• _What to work on_: Starting at the first line of the data and ending at the line with "Netflix logo on tv with red back lighting", copy each line exactly. Include both of those lines, but no pictures.

** Opening Exercise input block **

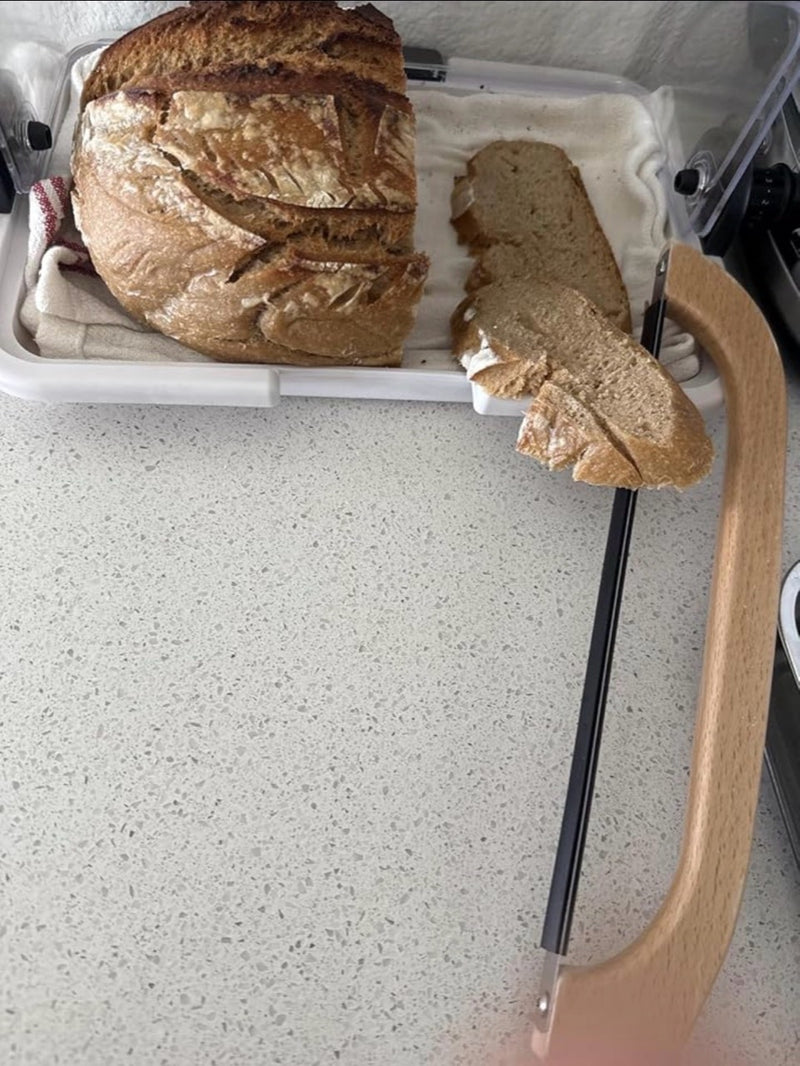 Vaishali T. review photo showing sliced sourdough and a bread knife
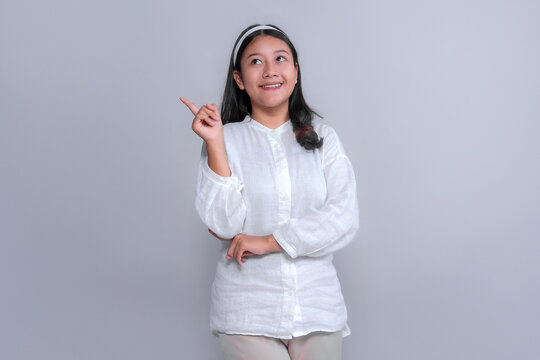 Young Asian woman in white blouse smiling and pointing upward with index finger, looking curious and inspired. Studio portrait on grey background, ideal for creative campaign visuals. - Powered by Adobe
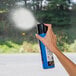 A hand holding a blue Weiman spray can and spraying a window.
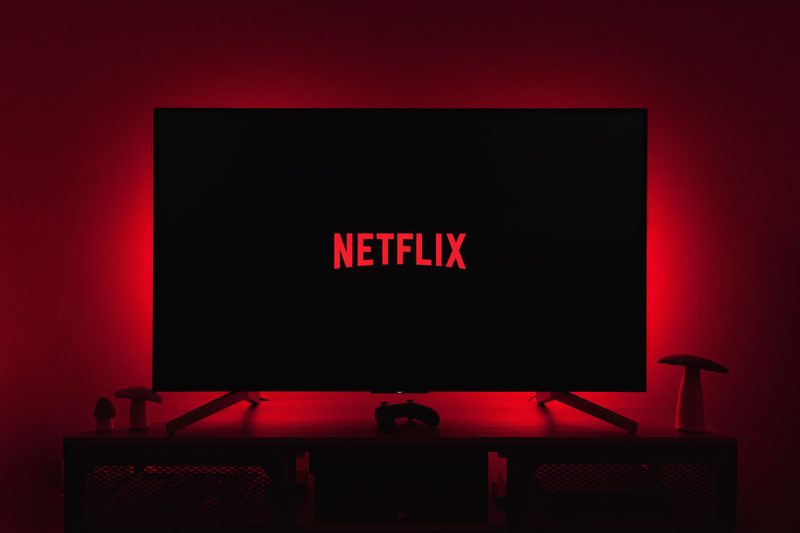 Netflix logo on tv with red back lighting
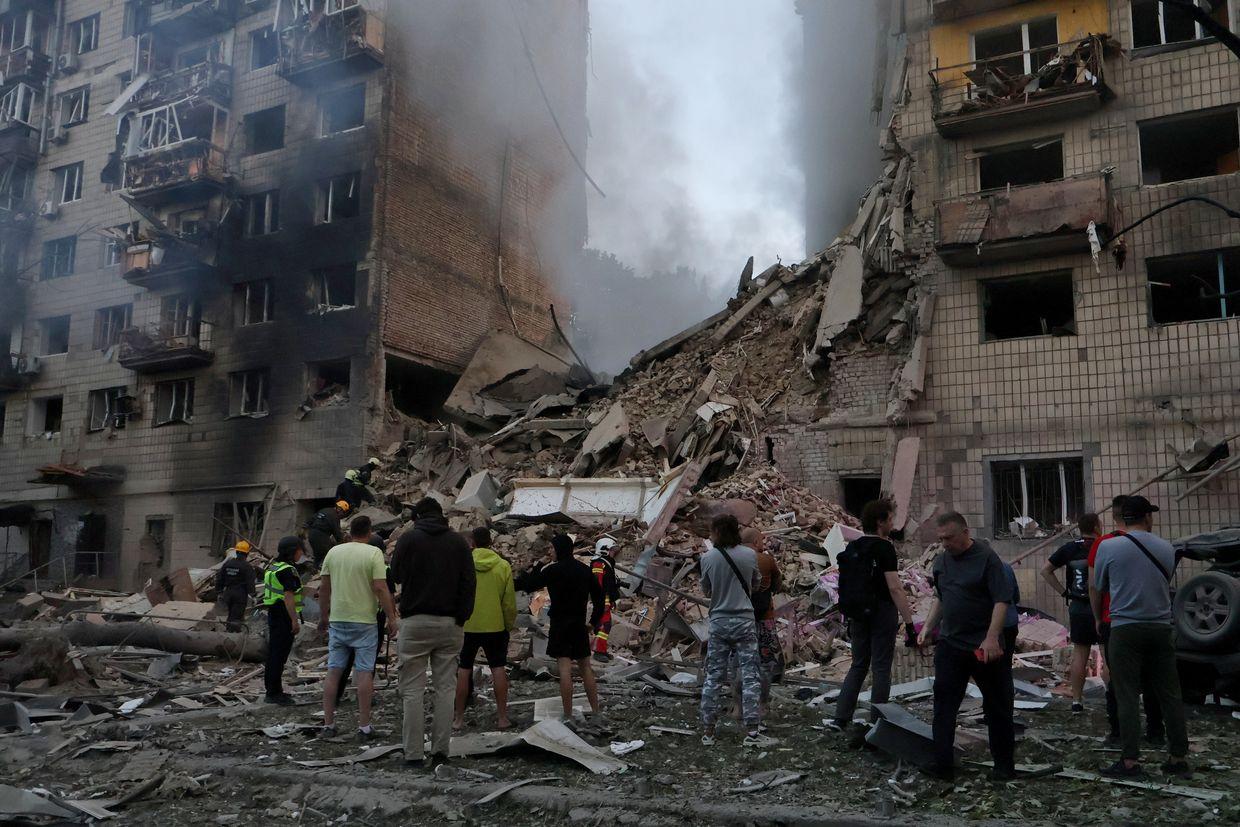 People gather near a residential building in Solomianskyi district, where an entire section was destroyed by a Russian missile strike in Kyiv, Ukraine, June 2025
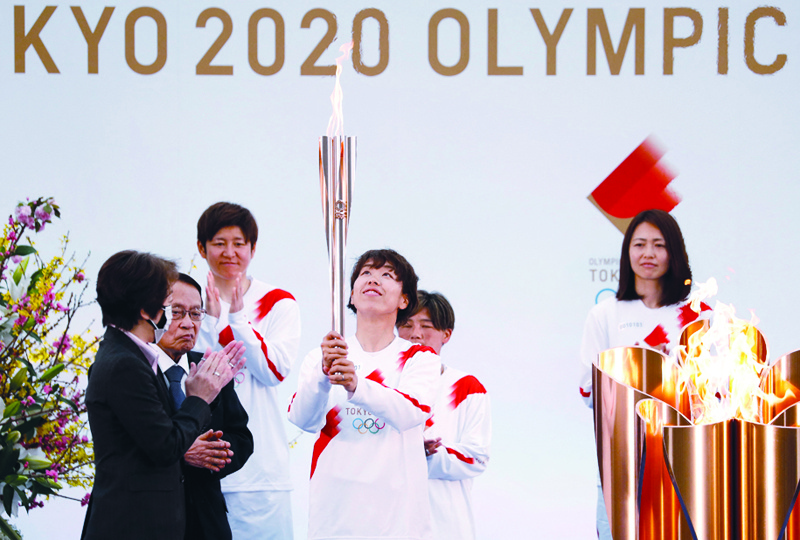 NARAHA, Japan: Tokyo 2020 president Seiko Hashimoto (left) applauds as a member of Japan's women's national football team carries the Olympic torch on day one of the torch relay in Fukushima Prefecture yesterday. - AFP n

** Closing Exercise input block **

• _Answer for the task_:
 Vaishali T. review photo showing sliced sourdough and a bread knife
 Young Asian woman in white blouse smiling and pointing upward with index finger, looking curious and inspired. Studio portrait on grey background, ideal for creative campaign visuals. - Powered by Adobe
 A hand holding a blue Weiman spray can and spraying a window.
 Netflix logo on tv with red back lighting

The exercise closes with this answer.